2025-11-23 19:26:03 +03:00 · 2020-08-07 14:59:34 +02:00 · 2020-08-07 14:59:34 +02:00 · 7ef8a64df9
commit 7ef8a64df9
parent ef2c67cca5
1 changed files with 52 additions and 1 deletions
--- a/spacy/ml/models/parser.py
+++ b/spacy/ml/models/parser.py
@ -8,13 +8,64 @@ from ..tb_framework import TransitionModel

@registry.architectures.register("spacy.TransitionBasedParser.v1")
 def build_tb_parser_model(
-    tok2vec: Model,
+    tok2vec: Model[List[Doc], List[Floats2d]],
    nr_feature_tokens: int,
    hidden_width: int,
    maxout_pieces: int,
    use_upper: bool = True,
    nO: Optional[int] = None,
 ) -> Model:
+    """
+    Build a transition-based parser model. Can apply to NER or dependency-parsing.
+    
+    Transition-based parsing is an approach to structured prediction where the
+    task of predicting the structure is mapped to a series of state transitions.
+    You might find this tutorial helpful as background:
+    https://explosion.ai/blog/parsing-english-in-python
+
+    The neural network state prediction model consists of either two or three
+    subnetworks:
+
+    * tok2vec: Map each token into a vector representations. This subnetwork
+        is run once for each batch.
+    * lower: Construct a feature-specific vector for each (token, feature) pair.
+        This is also run once for each batch. Constructing the state
+        representation is then simply a matter of summing the component features
+        and applying the non-linearity.
+    * upper (optional): A feed-forward network that predicts scores from the
+        state representation. If not present, the output from the lower model is
+        ued as action scores directly.
+
+    tok2vec (Model[List[Doc], List[Floats2d]]):
+        Subnetwork to map tokens into vector representations.
+    nr_feature_tokens (int): The number of tokens in the context to use to
+        construct the state vector. Valid choices are 1, 2, 3, 6, 8 and 13. The
+        2, 8 and 13 feature sets are designed for the parser, while the 3 and 6
+        feature sets are designed for the NER. The recommended feature sets are
+        3 for NER, and 8 for the dependency parser.
+        
+        TODO: This feature should be split into two, state_type: ["deps", "ner"]
+        and extra_state_features: [True, False]. This would map into:
+        
+        (deps, False): 8
+        (deps, True): 13
+        (ner, False): 3
+        (ner, True): 6
+
+    hidden_width (int): The width of the hidden layer.
+    maxout_pieces (int): How many pieces to use in the state prediction layer.
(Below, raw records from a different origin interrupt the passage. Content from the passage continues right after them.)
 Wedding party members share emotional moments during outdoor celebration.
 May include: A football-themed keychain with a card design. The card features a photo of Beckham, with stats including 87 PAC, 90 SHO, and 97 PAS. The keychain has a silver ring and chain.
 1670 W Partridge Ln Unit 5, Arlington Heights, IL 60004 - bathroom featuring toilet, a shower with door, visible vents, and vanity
+        Recommended values are 1, 2 or 3. If 1, the maxout non-linearity
+        is replaced with a ReLu non-linearity if use_upper=True, and no
+        non-linearity if use_upper=False.
+    use_upper (bool): Whether to use an additional hidden layer after the state
+        vector in order to predict the action scores. It is recommended to set
+        this to False for large pretrained models such as transformers, and False
+        for smaller networks. The upper layer is computed on CPU, which becomes
+        a bottleneck on larger GPU-based models, where it's also less necessary.
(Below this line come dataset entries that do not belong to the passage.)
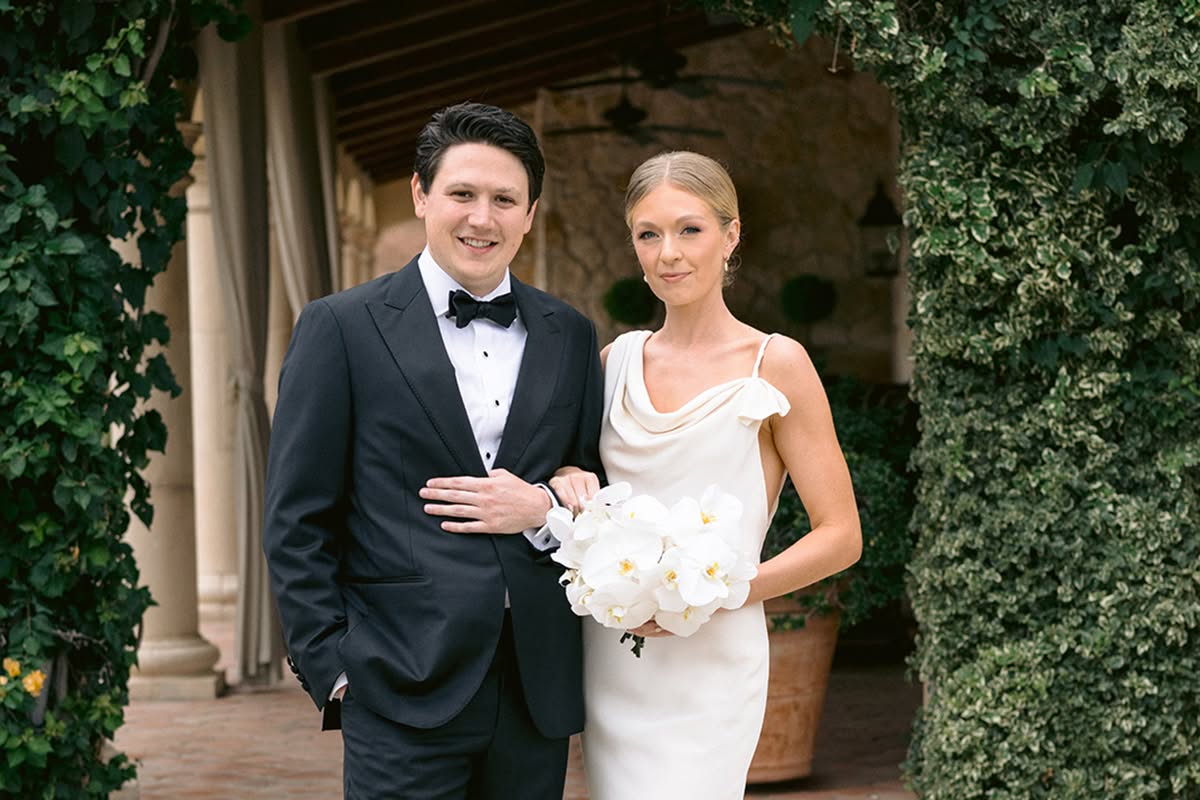 Bride and groom standing beneath an ivy-covered doorway at A Table on the Hill.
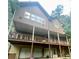 Rear exterior with a large deck and a walkout basement with two garage doors at 2961 River Ridge Drive Sw, Atlanta, GA 30354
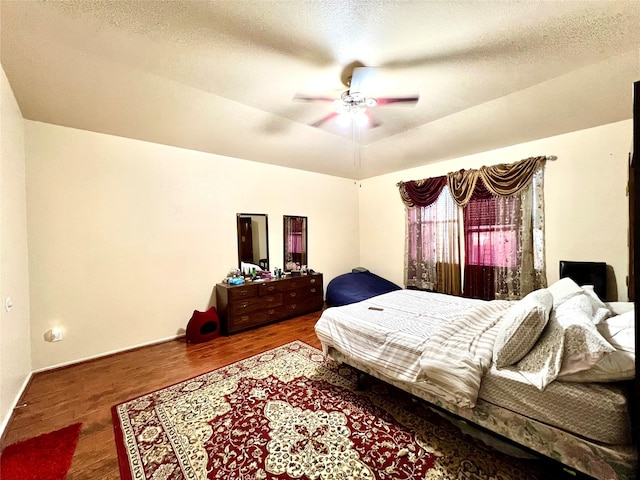 bedroom featuring ceiling fan, baseboards, a textured ceiling, and wood finished floors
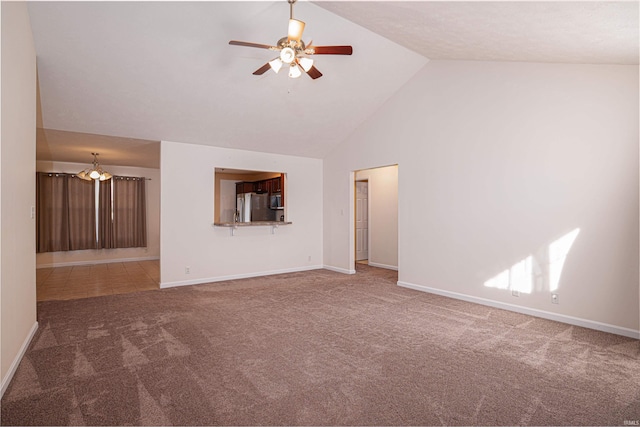 carpeted spare room with high vaulted ceiling, baseboards, and a ceiling fan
+    nO (int or None): The number of actions the model will predict between.
+        Usually inferred from data at the beginning of training, or loaded from
+        disk.
+    """
    t2v_width = tok2vec.get_dim("nO") if tok2vec.has_dim("nO") else None
    tok2vec = chain(tok2vec, list2array(), Linear(hidden_width, t2v_width),)
    tok2vec.set_dim("nO", hidden_width)